═════ Information supplied ═════
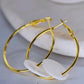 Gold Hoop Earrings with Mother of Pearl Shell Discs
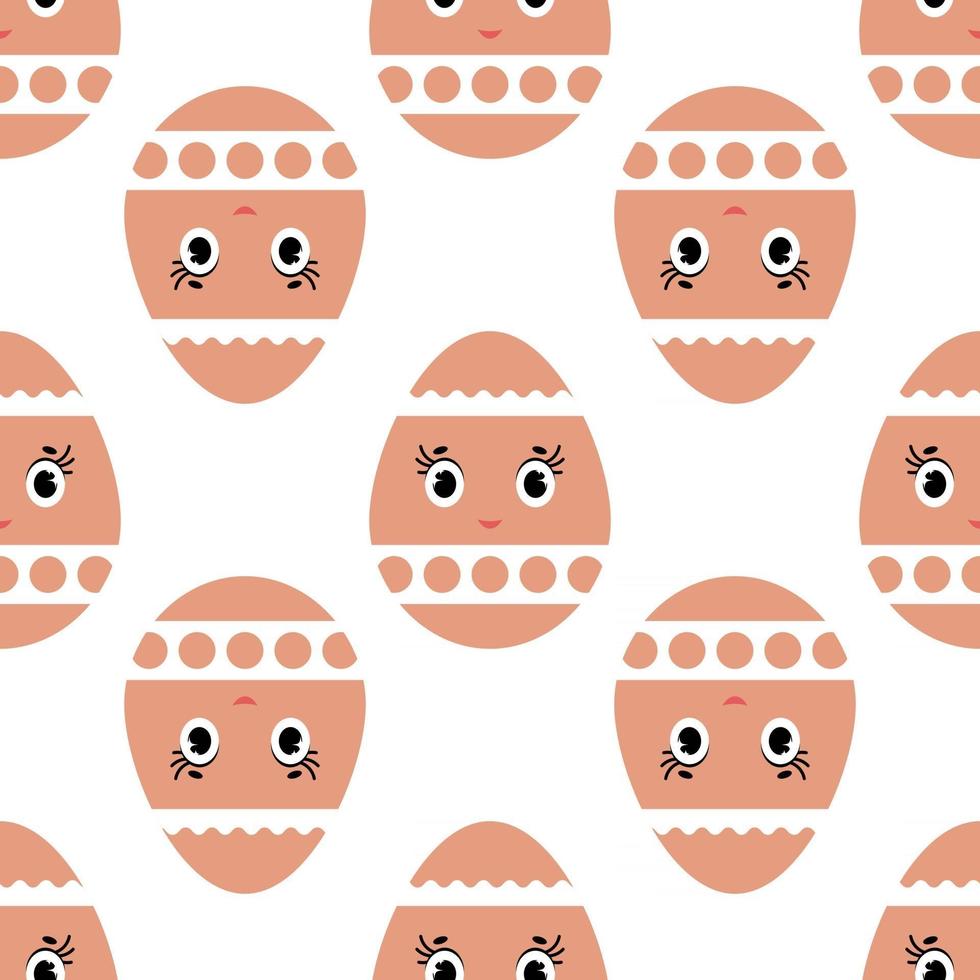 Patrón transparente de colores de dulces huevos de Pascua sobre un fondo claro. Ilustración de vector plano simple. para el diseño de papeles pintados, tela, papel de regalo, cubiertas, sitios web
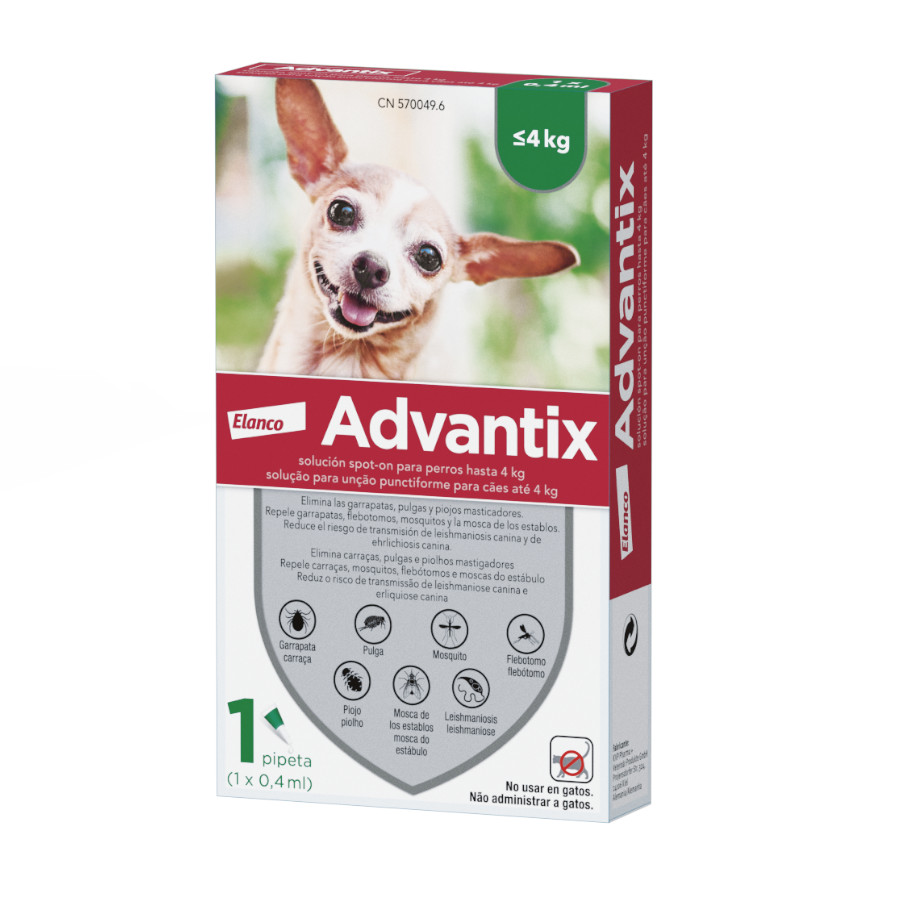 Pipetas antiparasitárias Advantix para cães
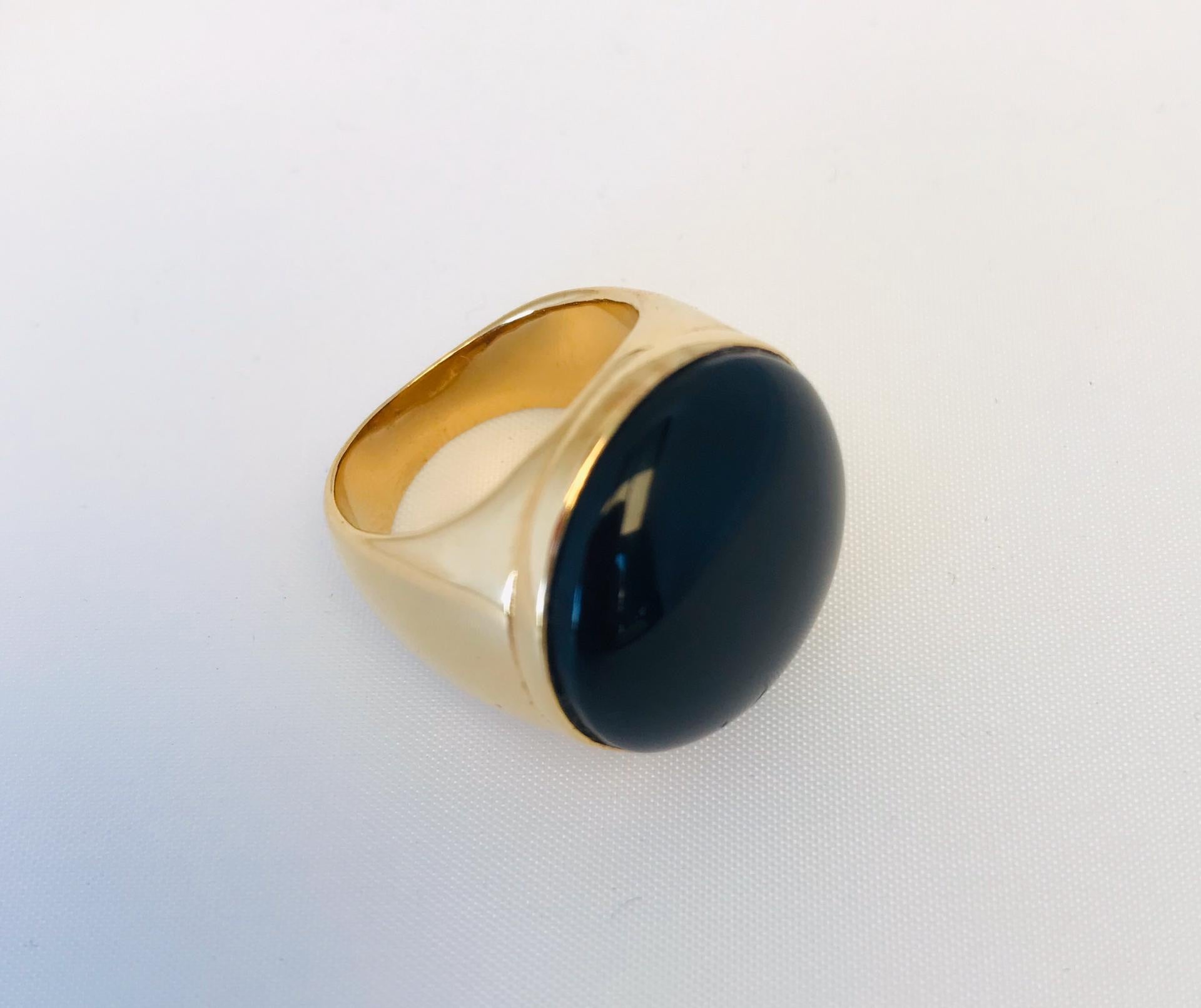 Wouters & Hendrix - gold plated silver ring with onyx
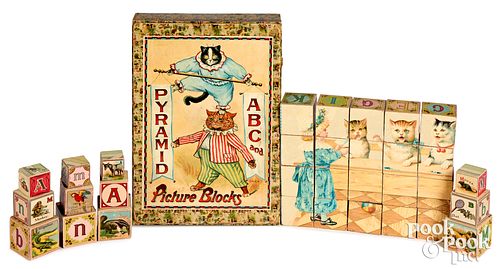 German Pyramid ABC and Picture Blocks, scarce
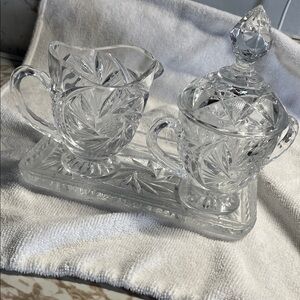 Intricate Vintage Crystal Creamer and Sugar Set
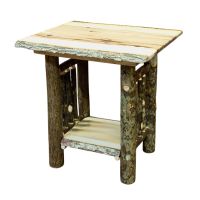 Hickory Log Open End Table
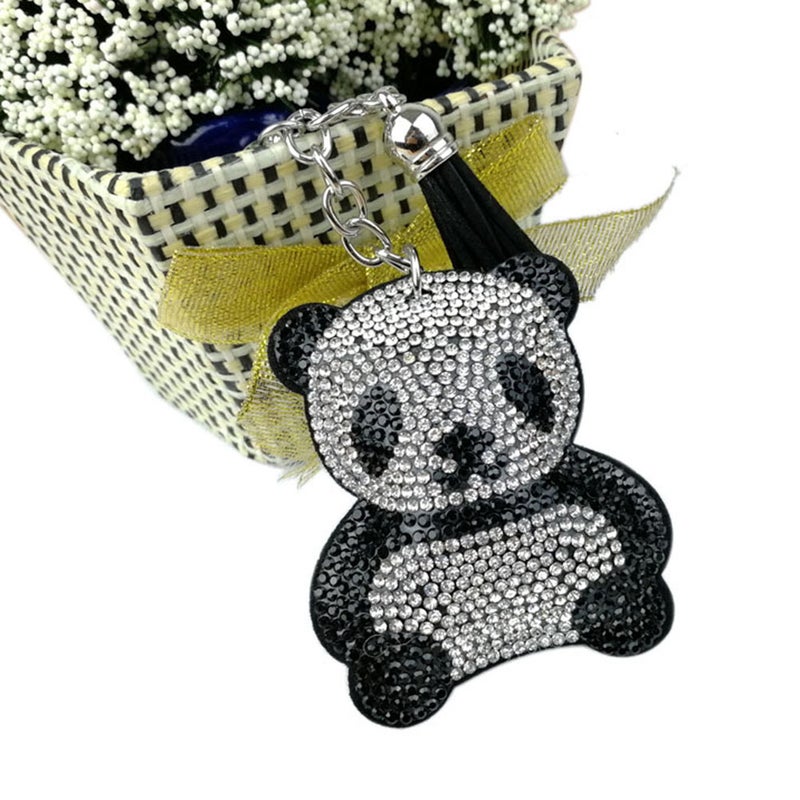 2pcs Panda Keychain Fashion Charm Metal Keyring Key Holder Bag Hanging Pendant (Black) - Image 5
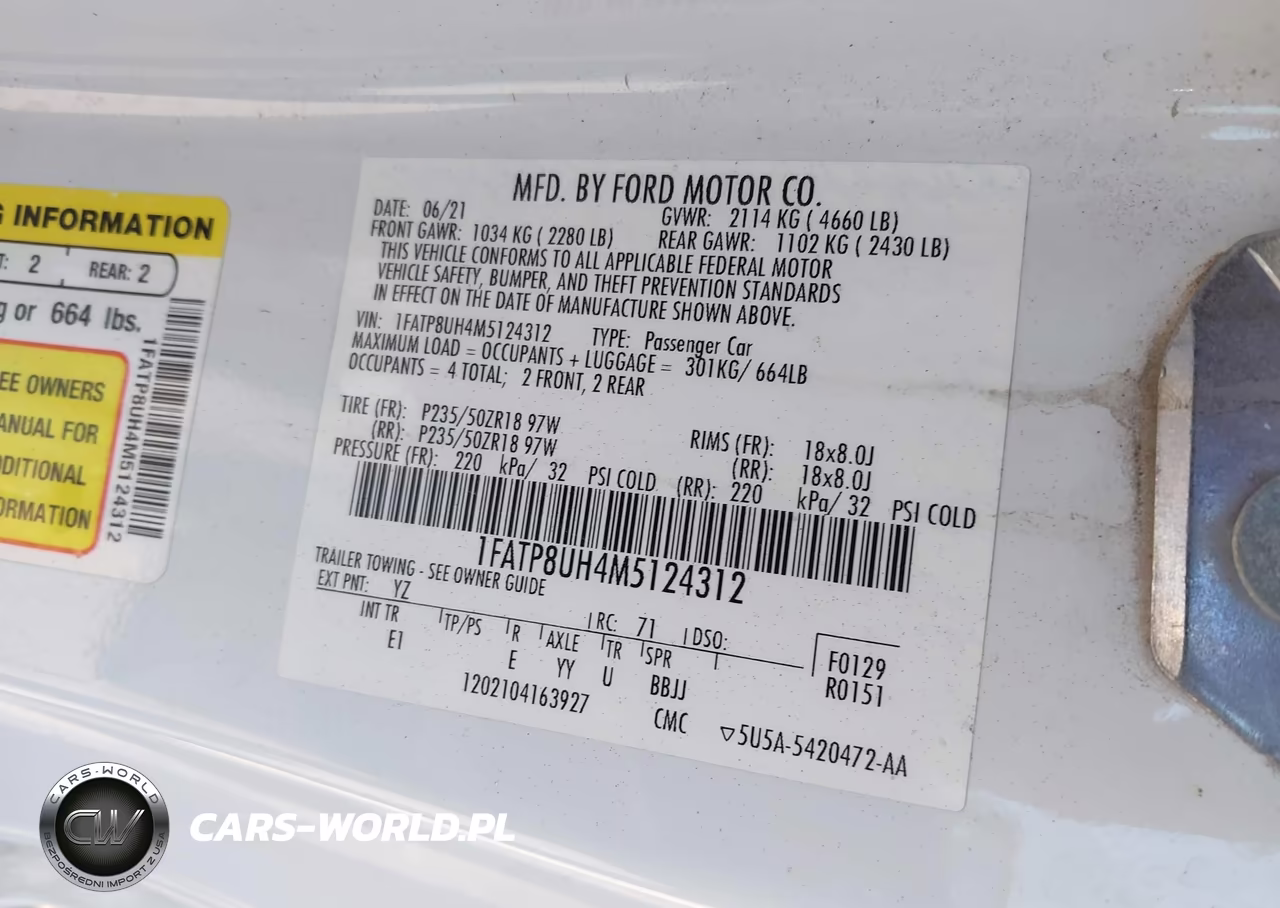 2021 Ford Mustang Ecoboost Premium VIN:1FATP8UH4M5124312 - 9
═════
* **Task to complete**:
Pictures excluded, write out exactly and only the lines of the material from the one containing "German Pyramid ABC" up to and including the last line.

* **Answer to the exercise**:
 German Pyramid ABC and Picture Blocks, scarce
 Intricate Vintage Crystal Creamer and Sugar Set
 Hickory Log Open End Table
 2pcs Panda Keychain Fashion Charm Metal Keyring Key Holder Bag Hanging Pendant (Black) - Image 5
 2021 Ford Mustang Ecoboost Premium VIN:1FATP8UH4M5124312 - 9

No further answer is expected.